The adverse childhood experiences (ACEs) studies (Felitti et al, 1998) have exposed that our schools, our communities, our homes are barbed with the arrows of adversity and as a society we are haemorrhaging from our wounds – bleeding with symptoms like addiction, disaffection and dysregulation.

These studies have resonated with many of us because for so long, the wound of trauma has gone unrecognised.

We have not realised the extent of adverse events such as abuse, neglect and domestic violence prevalent in society at large – or understood the pervasive impact of our early experiences upon our physiology and our psychology.

When working with a child, we may never know the source of the original ‘arrow’ or adverse childhood event.

We may not even realise a trauma wound is there at all.

Often, all we see is the dysfunctional behaviour or symptoms that manifest in the child as a result; but if we are not trauma informed these symptoms may not be recognised as originating from an adverse childhood experience.

This hidden residue of trauma can be misconstrued or misinterpreted by adults around a young person.

The behaviours are frequently viewed through a myopic ‘behaviourist’ or ‘zero tolerant’ lens that only deals with the observable behaviours, rather than understood in the wider human context as a distorted communication of an underlying need – an emotional pain – that is hidden from view.

As adults, we need to be aware of what hidden emotional needs a child’s outward behaviour is communicating so that we can help a child to heal from their trauma, rather than simply trying to control or change their symptoms.

As a survivor of ACEs myself, I would urge all schools to remove the phrase ‘zero tolerance’ from their vocabulary and replace it with kinder, empathic and more humane language.
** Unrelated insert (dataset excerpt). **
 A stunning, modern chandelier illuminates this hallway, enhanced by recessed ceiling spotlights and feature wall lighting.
I would ask schools that purport to be ‘zero tolerant’ to consider what beliefs actually underpin this? Because from where I am standing, being intolerant of a child’s behaviour, also means being intolerant of a human being who is doing their best to survive abuse, neglect, violence, loss, conflict and confusion, and communicating this in the only way they know how.
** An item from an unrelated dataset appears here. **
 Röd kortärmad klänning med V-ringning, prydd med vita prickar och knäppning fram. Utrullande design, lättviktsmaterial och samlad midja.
If we are bleeding, then help us to heal. Do not hurt us even more.

Bruce Perry has said,
Troubled children are in some kind of pain – and pain makes people irritable, anxious and aggressive. Only patient, loving, consistent care works: there are no short-term miracle cures.” (Perry & Szalavitz, 2006:244)

Joe Tucci uses the analogy of ‘whale-song’ to describe the growing chorus of trauma knowledge and understanding that is resounding in society at large (Tucci, 2018 cited in Cherry). This ‘whale-song’ represents the shared voice of adversity that echoes far beyond what divides and separates us.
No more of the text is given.